![By Adam Jones, Ph.D. (Own work) [CC BY-SA 3.0 (http://creativecommons.org/licenses/by-sa/3.0)], via Wikimedia Commons East German Trabant, photo by By Adam Jones, Ph.D.](https://blogger.googleusercontent.com/img/b/R29vZ2xl/AVvXsEgYCCm9vM4M89jSkhbwAvVYJYnNxAq1u6msvhfpZkIexugi-B-wF_QqoEydd9M1ZSDa-21AhSXXvl5Nqot3MKeL744p3Kfvz55HQ_nADiwKL-acw7S9OwCDylAv-KrYZCsaRkGGvA/s1600/Trabant_Car_-_DDR_Museum_-_Eastern_Berlin_-_Germany++%2528128+px%2529.jpg) |
East German Trabant |
About a year and a half ago, Yale University sent out an email in advance of the Halloween season, asking students to choose their costumes with some cultural sensitivity. One of the senior residents charged with supervising residence life, Erika Christakis, took exception to this email and distributed her own rejoinder. Student activists in turn protested the email and accused both Dr Christakis and her husband failing to properly supervise residence life. In the end, both Dr. Christakis and her husband left the residence program, an outcome
regretted by the libertarian conservative writer Conor Friedersdorf, and even more strongly
deplored by Rod Dreher.
In his argument, Rod Dreher quotes, as he frequently does, Valclav Havel's
essay The Power of the Powerless.

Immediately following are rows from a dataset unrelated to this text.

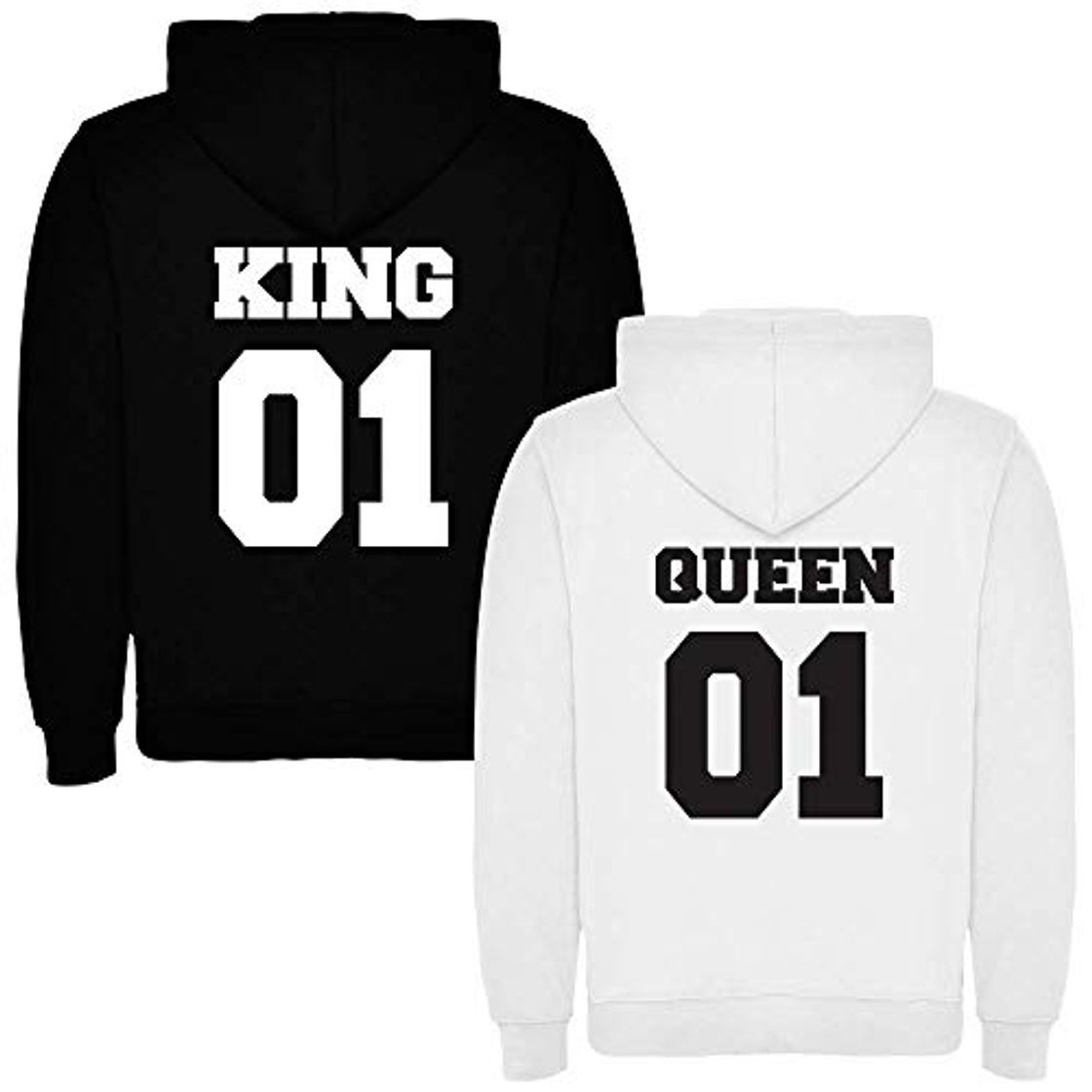 Moda Pack de 2 Sudaderas para Parejas King 01 Bold y Queen 01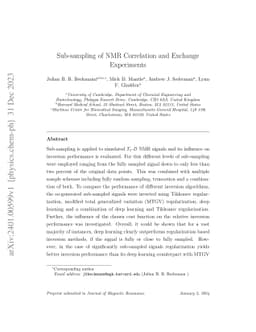 Sub-sampling of NMR Correlation and Exchange Experiments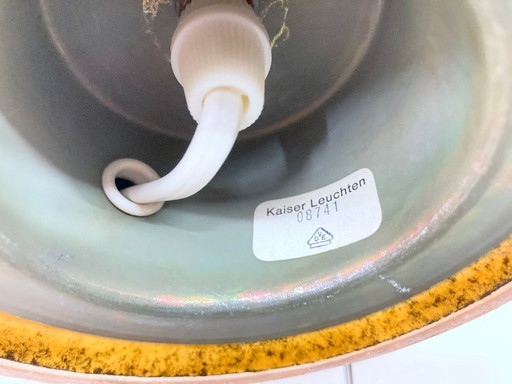 70s ceramic ball table lamp by Kaiser in ochre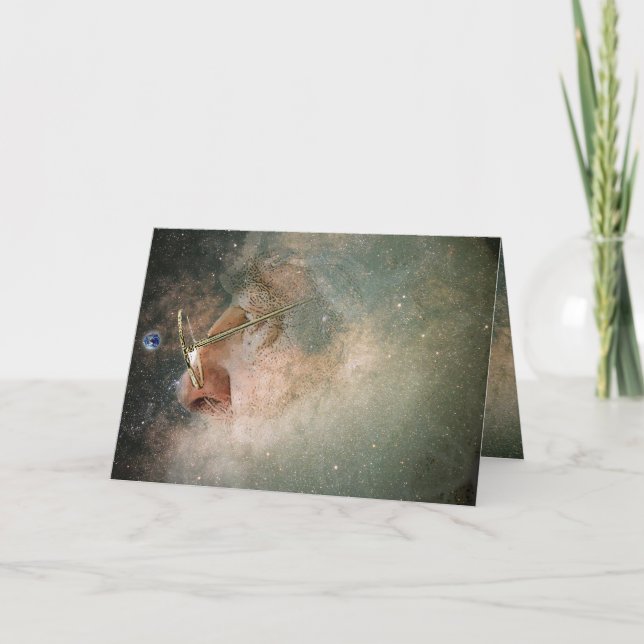 Tarjeta de Navidades Santa Cósmicos (Anverso)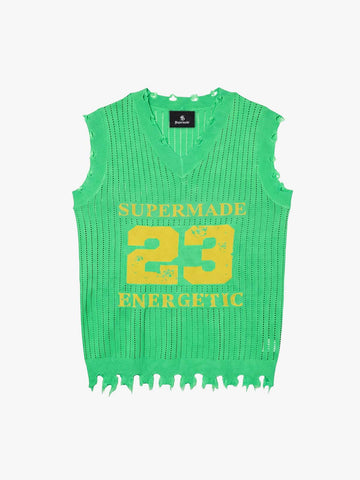 Number Graphic Distressed Mesh Knit Tank Top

In common with many conservatives who quote Havel, he seems to think power means the ability to say distressing things on "woke twitter", and consider professors who give into "political correctness" the modern equivalent of the Havel's metaphorical green grocer, who puts a "workers of the world unite" sign in the window. I disagree. I think Dreher's argument fundamentally distorts the question of where the real power lies in his society, and where the implied analogy to the Soviet block of Leonid Brezhnev applies.